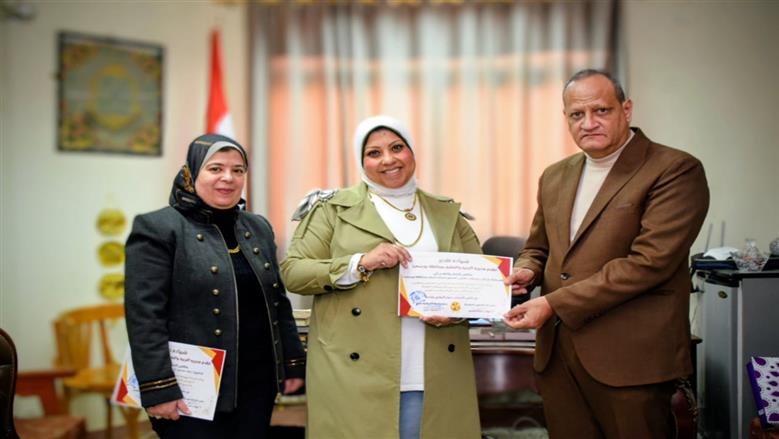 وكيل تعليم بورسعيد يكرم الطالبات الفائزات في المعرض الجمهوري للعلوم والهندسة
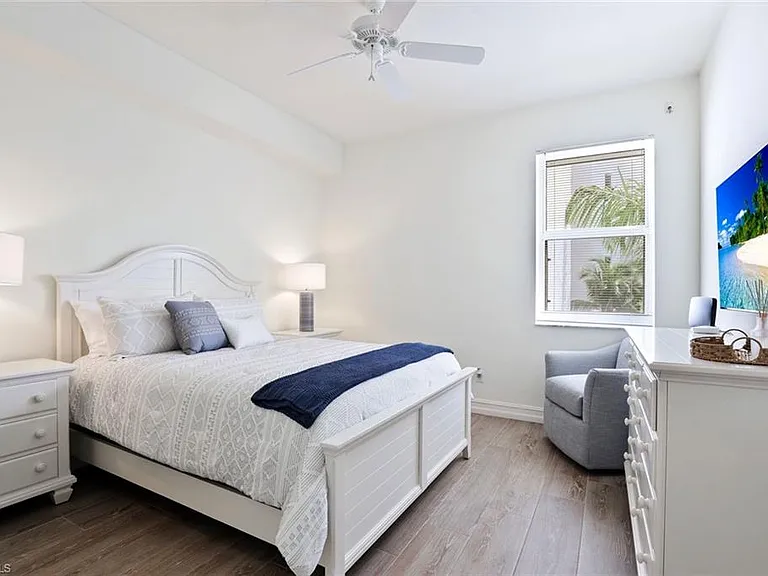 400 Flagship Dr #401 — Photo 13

* * *

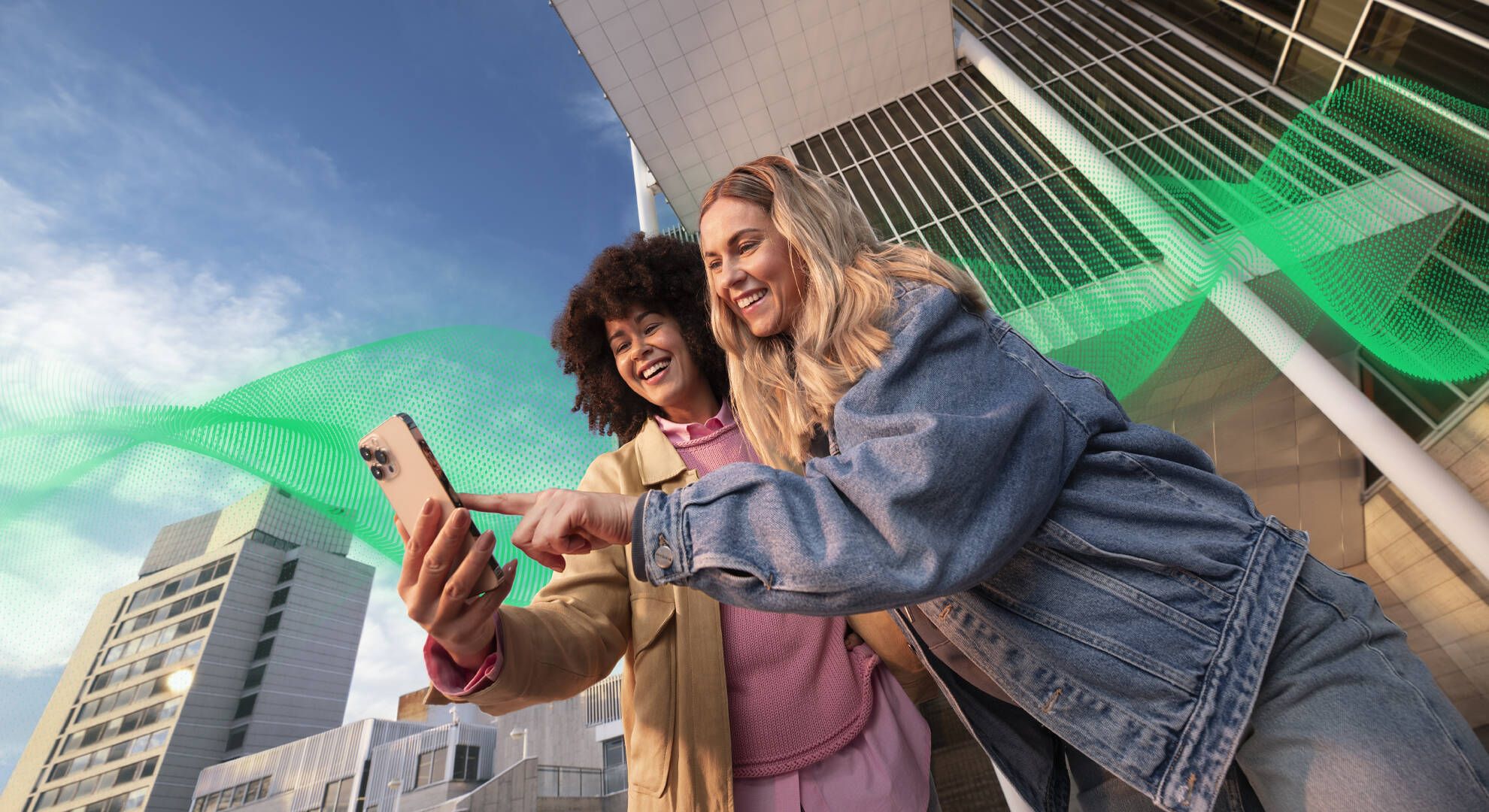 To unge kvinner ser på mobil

---

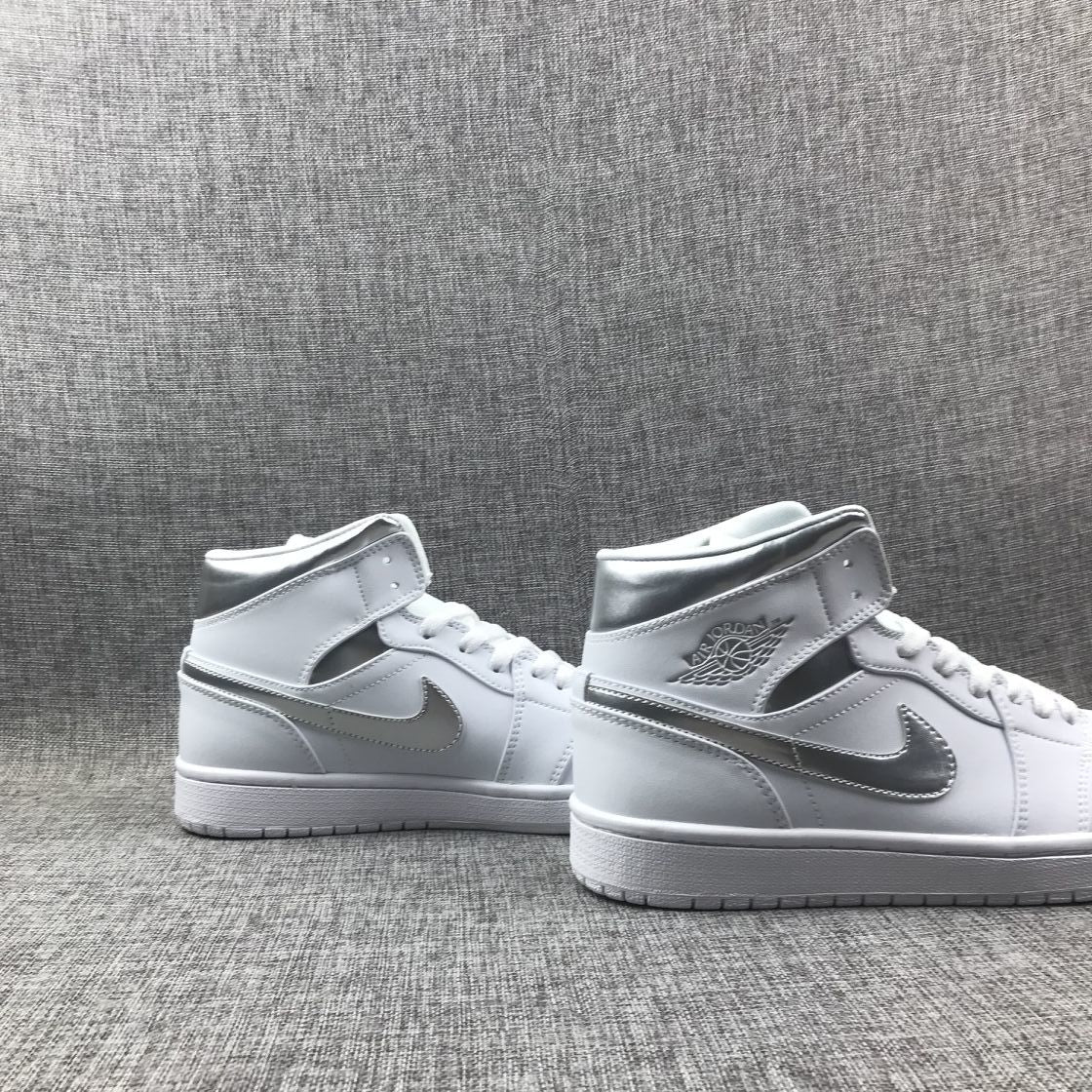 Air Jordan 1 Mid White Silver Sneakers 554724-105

WHAT NEEDS TO BE DONE: Give again the lines of the listing above that run from the one with "وكيل تعليم بورسعيد" up to and including the one with "400 Flagship Dr #401 — Photo 13". Keep them exact and omit the pictures.

RESULT:
 وكيل تعليم بورسعيد يكرم الطالبات الفائزات في المعرض الجمهوري للعلوم والهندسة
 400 Flagship Dr #401 — Photo 13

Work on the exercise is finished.